Mapping and Demystifying Carbon Capture and Storage

This year’s Climate and Society class is out in the field (or lab or office) completing a summer internship or thesis. They’ll be documenting their experiences one blog post at a time. Read on to see what they’re up to.

Fatima Cecunjanin, C+S ’16

Geoengineering is a term that climate aficionados and anyone with an opinion on environmental issues tends to perceive with apprehension and mistrust due to the ambiguous, potentially dangerous side effects of manipulating natural processes of the environment. Of course the Industrial Revolution turned out to be a kind of unintended geoengineering catastrophe with exceptional effects on global climate that we are experiencing today. With that said, many would question the logic behind seeking out other ways to meddle with the climate when so much damage has already been done.

Transitioning from fossil fuels to renewable energy is the preferred climate mitigation strategy because of its environmentally benign nature, and the potential to rapidly scale it up. But this only curbs greenhouse gas emissions from burning fossil fuels. The carbon dioxide and other greenhouse gases we’ve already emitted will linger in the atmosphere for up to 200 years and will have profound effects on the climate for centuries to come.

The Intergovernmental Panel on Climate Change’s 5th Assessment Report suggests that the world should not only strive to reduce emissions, but also aim for net negative emissions to avoid the worst impacts of climate change.

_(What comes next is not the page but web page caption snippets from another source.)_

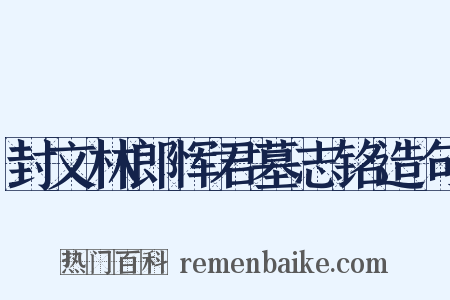 封文林郎恽君墓志铭造句是什么意思的图片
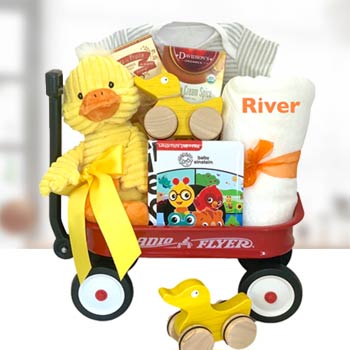 Just for Baby Gift Basket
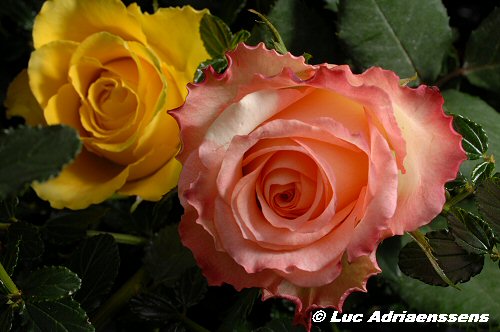 Bloemen 2 38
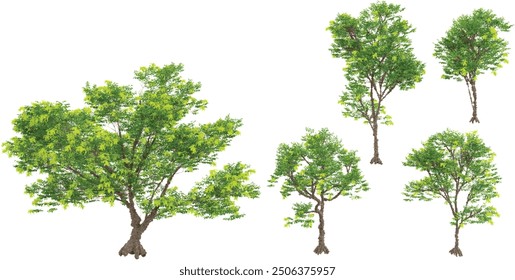 European ash trees isolated on white background, tropical trees isolated used for architecture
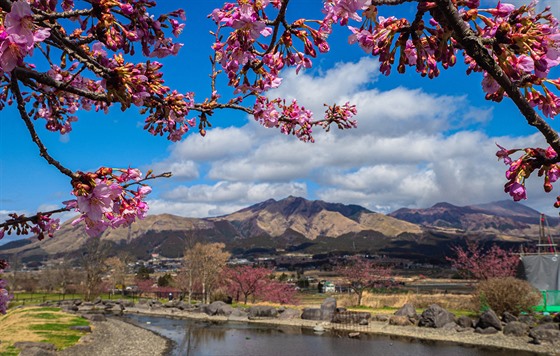 Výhled na centrální sopečné pohoří na Aso nám zpestřily kvetoucí švestky.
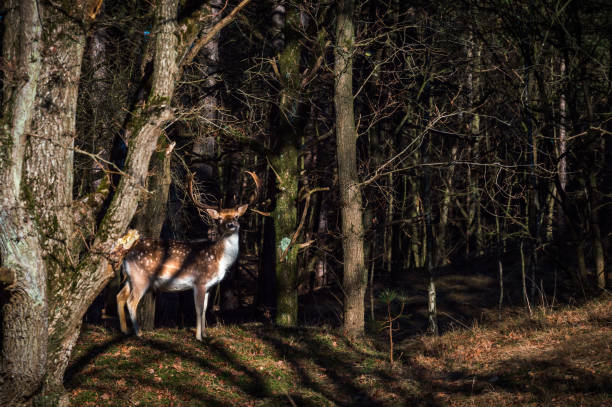 istock A young stag in the woods 1465762422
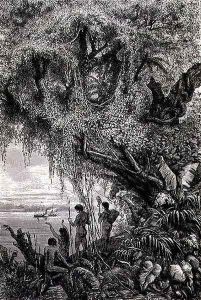 The First Steam-boat on the Amazon, page 491 from Vol.2 of Journey Across South America by P. Marcoy, 1873 by Edouard Riou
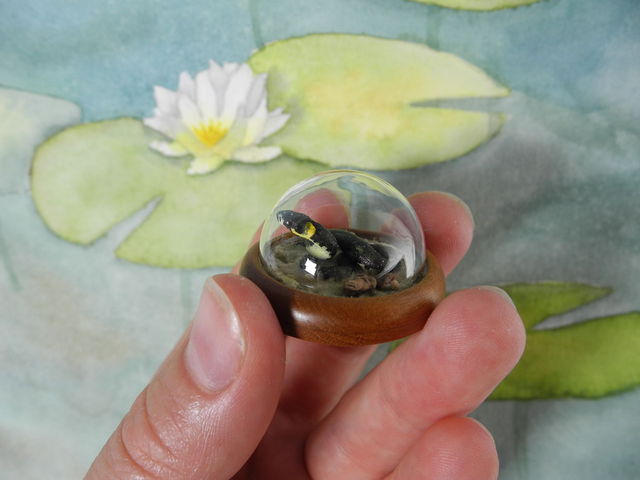 slithering through the sand - Among the lilypads - Miniature diorama Jewelry - Clear glass dome with delicate handmade grass snake on sandlace (1)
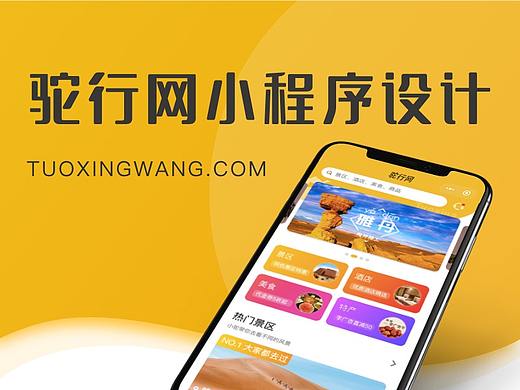 驼行网小程序设计总结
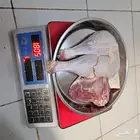 ديك رومي ذبح من 5 الى 7 كيلو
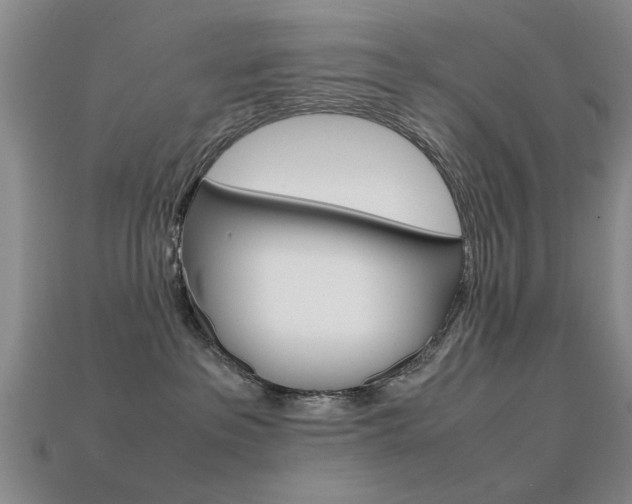 X0000113560237200909181027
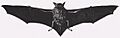 Myotis chiloensis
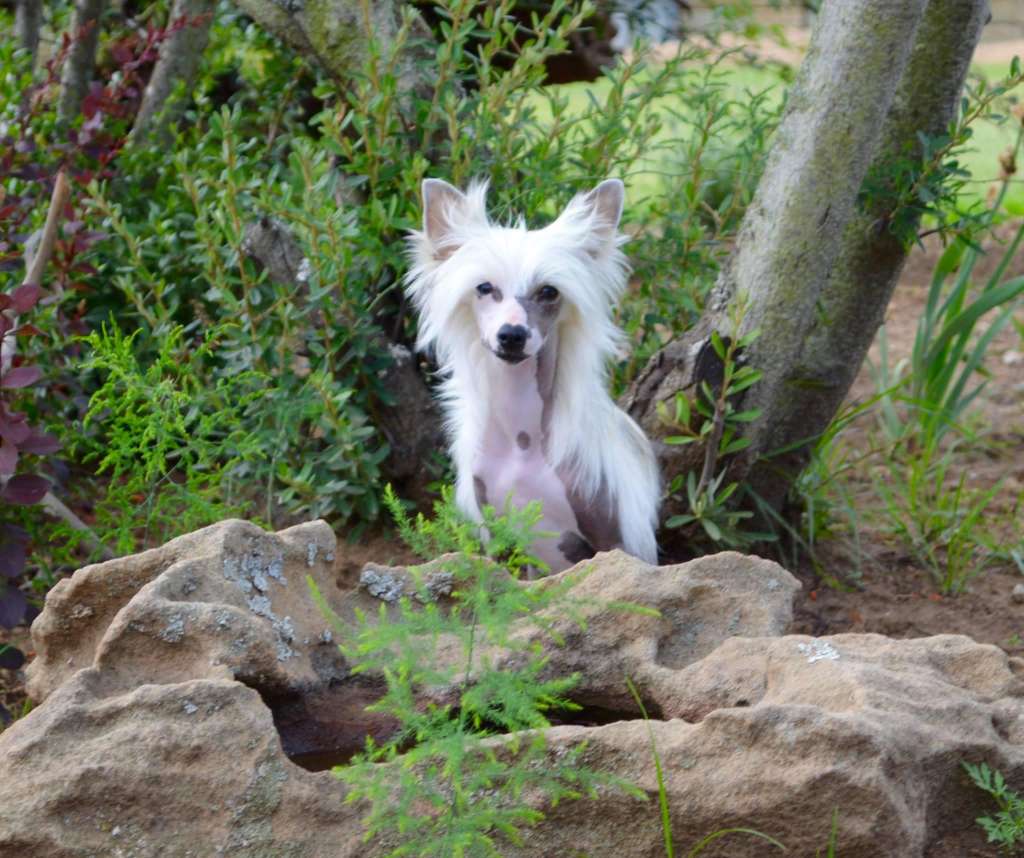 Here I Am von Shinbashi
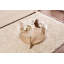 Tatjana Coffee Table-1274807914
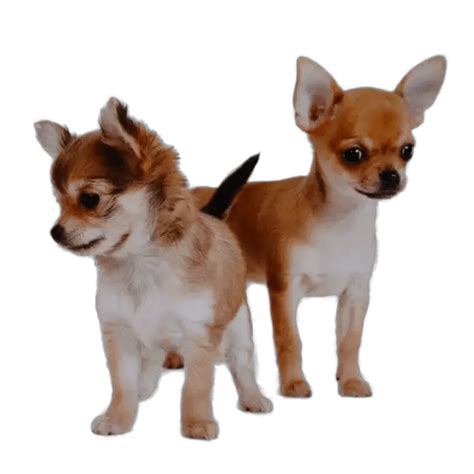 Two Chihuahuas Long And Short Haired Planet Chihuahua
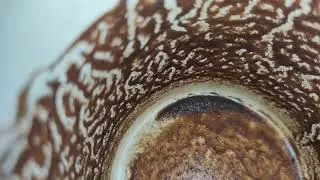 توقعات برج العذراء خطيررررره خلى بالك كويس عدو عايز يخرب حياتك احذر منه النصر ليك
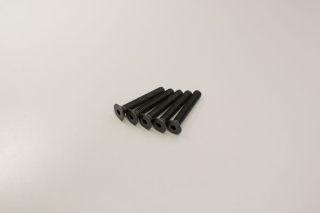 Hex Flat Head Screws 4x25mm (5)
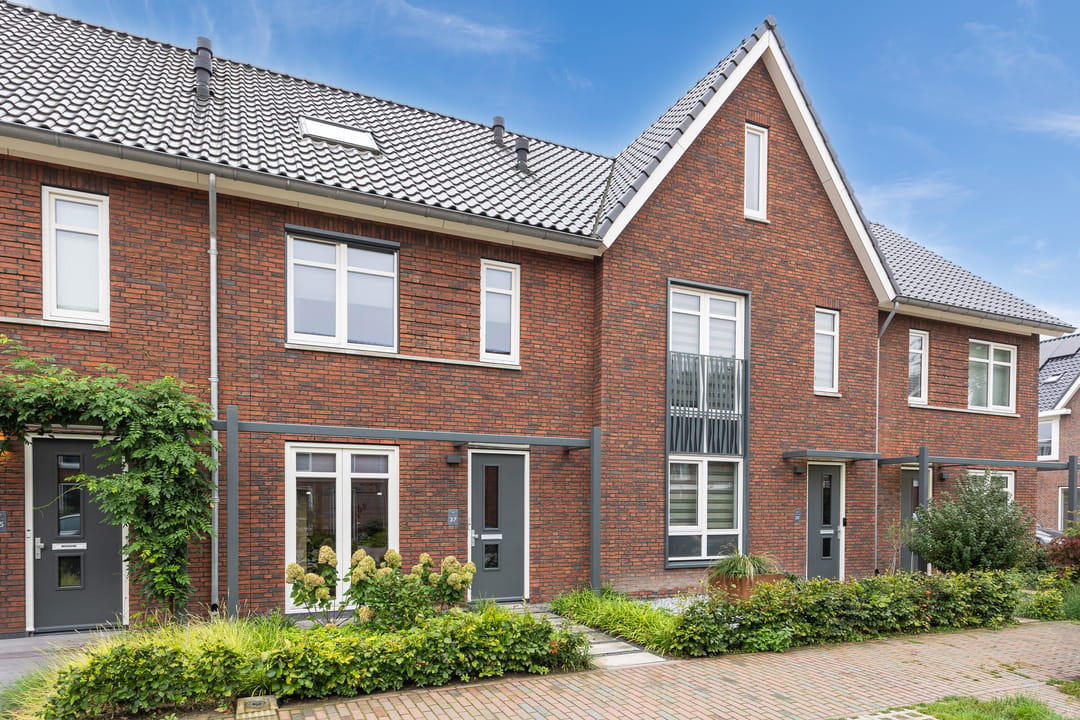 Foto 1 van Boommarter 37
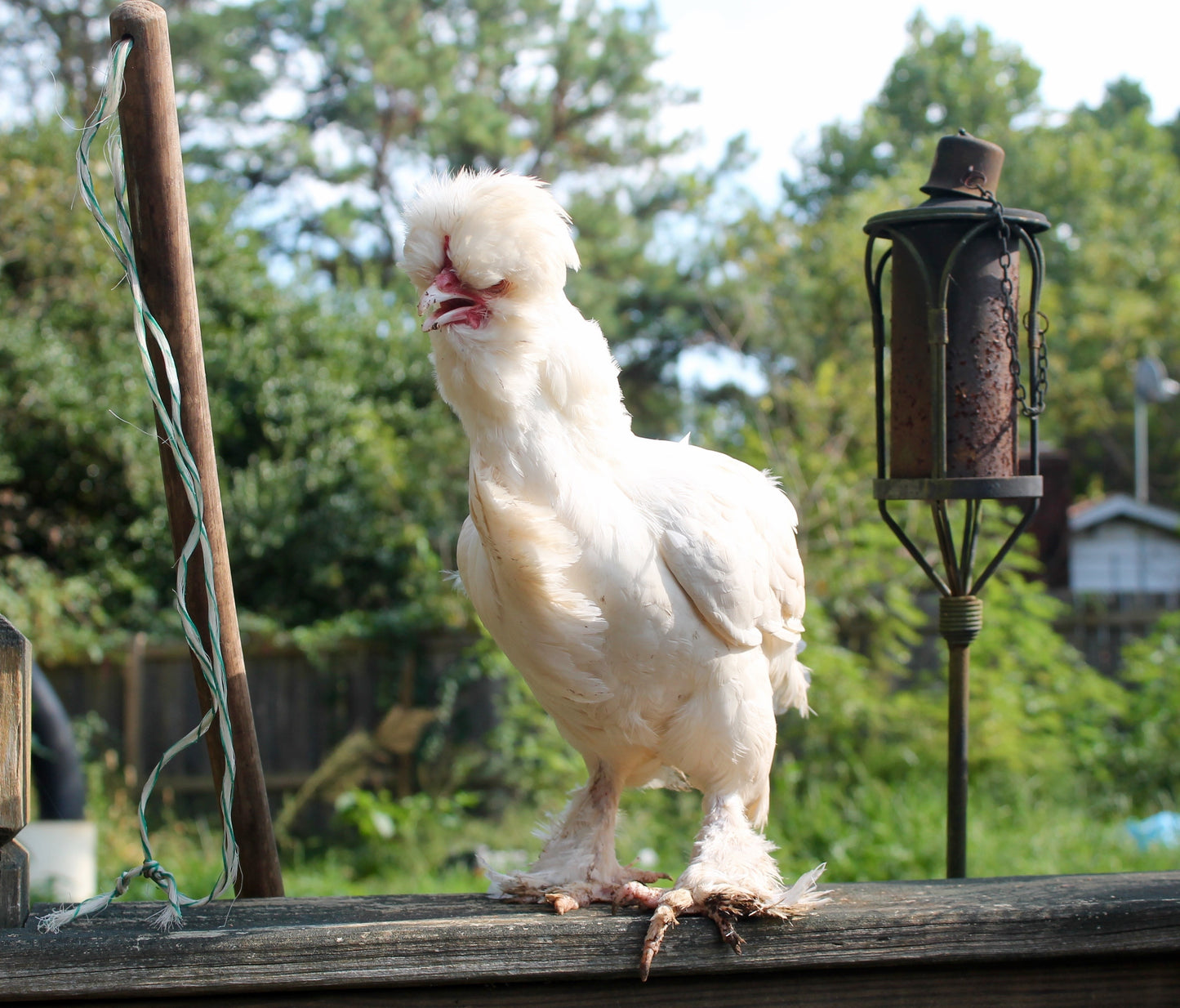 Pullet: White Sultan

While natural sinks like soil and trees can take care of some of the job, they can’t handle the entire burden. Carbon capture and storage (CCS) projects, if scaled widely, can potentially provided the added negative emissions needed to keep the world from dealing with catastrophic climate change.

Air capture technology, such as that developed by Klaus Lackner at the Center for Negative Carbon Emissions, is an exciting feat of science and ingenuity, though it’s still relatively new technology not ready for scaling yet. Carbon mineral sequestration — a storage method wherein carbon dioxide reacts carbonate minerals to create rocks — is also in its infancy.

Despite early efforts, there is still a large gap in understanding how this technology works and can be scaled. This is what I had the opportunity to research and map over the summer. It’s clearer to me than before just more information we need about these new forms of technology. How do we demystify this technology and show that it is capable of scaling far and wide?

Preliminary geospatial studies show that hot, dry areas are the most ideal locations for Klaus Lackner’s air capture device. Since the device requires a small amount of energy, co-locating it with wind energy adds another environmental parameter to the map.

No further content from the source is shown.